A Time to Build

One winter morning, a school day dawned to reveal a large snow bear occupying our front lawn. A late, heavy snow had inspired my parents to get busy building while the kids were asleep.

The ursine form was the talk of the block as neighborhood kids trudged to the bus stop. Long after the sculpture had melted into “a patch of old snow,” the bear’s fleeting existence lingers, a flake in the blizzard of images from childhood.

“You build your own life.”

So said a biographer in a recent interview about his latest publication. He was referring to plotting a course early on by reading the books that build a lifetime storehouse of personal knowledge.

Fashioning a solid foundation after the fact is so much more difficult (although I did once meet a white-haired man who dug a basement under his historical Birmingham home — after it had been built).

Winter offers us a chance to play catch-up and patch flaws in our foundation. This is the quiet season, if there is such a thing anymore.

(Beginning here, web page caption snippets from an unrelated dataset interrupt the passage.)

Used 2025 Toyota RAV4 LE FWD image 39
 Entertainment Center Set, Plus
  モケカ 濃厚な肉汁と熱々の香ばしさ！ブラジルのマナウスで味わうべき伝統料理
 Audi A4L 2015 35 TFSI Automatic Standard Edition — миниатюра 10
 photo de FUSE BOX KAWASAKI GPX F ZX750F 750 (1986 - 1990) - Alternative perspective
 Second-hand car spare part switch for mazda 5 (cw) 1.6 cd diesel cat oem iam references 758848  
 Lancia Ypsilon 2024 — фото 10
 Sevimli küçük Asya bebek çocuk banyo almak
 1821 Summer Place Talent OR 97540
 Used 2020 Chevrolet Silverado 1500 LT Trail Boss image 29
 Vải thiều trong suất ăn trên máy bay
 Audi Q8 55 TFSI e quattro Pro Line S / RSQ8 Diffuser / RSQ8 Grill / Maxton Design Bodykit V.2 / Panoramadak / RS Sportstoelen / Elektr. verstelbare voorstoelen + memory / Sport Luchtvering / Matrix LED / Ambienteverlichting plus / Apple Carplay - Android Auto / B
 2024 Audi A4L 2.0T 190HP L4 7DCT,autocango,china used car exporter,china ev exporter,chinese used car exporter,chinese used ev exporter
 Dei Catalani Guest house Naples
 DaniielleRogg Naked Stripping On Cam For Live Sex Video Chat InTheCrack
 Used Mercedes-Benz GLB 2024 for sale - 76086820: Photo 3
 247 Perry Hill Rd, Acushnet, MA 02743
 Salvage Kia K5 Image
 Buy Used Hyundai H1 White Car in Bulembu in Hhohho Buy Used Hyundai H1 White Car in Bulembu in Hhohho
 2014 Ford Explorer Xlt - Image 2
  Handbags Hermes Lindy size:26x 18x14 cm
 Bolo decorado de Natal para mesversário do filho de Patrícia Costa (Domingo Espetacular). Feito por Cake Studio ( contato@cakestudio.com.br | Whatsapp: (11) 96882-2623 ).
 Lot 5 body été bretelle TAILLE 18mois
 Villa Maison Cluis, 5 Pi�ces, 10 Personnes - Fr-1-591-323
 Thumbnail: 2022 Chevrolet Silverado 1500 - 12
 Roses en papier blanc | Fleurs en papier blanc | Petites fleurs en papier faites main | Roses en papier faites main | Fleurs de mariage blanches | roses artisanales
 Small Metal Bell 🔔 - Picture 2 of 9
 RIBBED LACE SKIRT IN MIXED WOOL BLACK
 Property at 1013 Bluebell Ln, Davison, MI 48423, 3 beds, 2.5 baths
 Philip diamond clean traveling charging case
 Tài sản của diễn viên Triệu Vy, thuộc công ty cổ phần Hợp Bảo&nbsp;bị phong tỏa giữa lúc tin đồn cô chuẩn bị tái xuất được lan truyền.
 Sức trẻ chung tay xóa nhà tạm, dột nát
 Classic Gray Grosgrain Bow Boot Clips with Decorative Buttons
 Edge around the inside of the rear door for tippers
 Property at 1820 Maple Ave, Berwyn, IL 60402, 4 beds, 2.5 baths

When the deep freeze takes our landscape down to ground level, we’re left with a visual clean slate. And after the rush of the holidays fades, we’ve got a long winter’s night of opportunity.

At home, sealed away from outside distractions, we can build — or rebuild — our lives. Time to make something of ourselves — and our dwellings. Time to build something for posterity: a library, a piece of furniture, a collection, our minds, a family, and, yes, memories that swirl about us like so many snowflakes.

The same weather that induces hibernation for our fellow beasts is a wake-up call for us. Crisp air so frigid it stiffens hairs and tingles on the way in is akin to a splash of cold water taking us eyes wide open in to a new year.

Seasons change — in all senses, including trends. Interior designers report that more and more clients are requesting American-made pieces for their homes. Call it putting your money where your life is.

It’s an investment not unlike the spring-blooming bulbs that we tucked into the soil last fall as an insurance policy for future brilliance.

While tulips and crocuses quietly prepare to push toward the sky, we would do well to build our forward motion. Live in hibernation and we run the risk of waking, only to realize too late what happened while we were sleeping.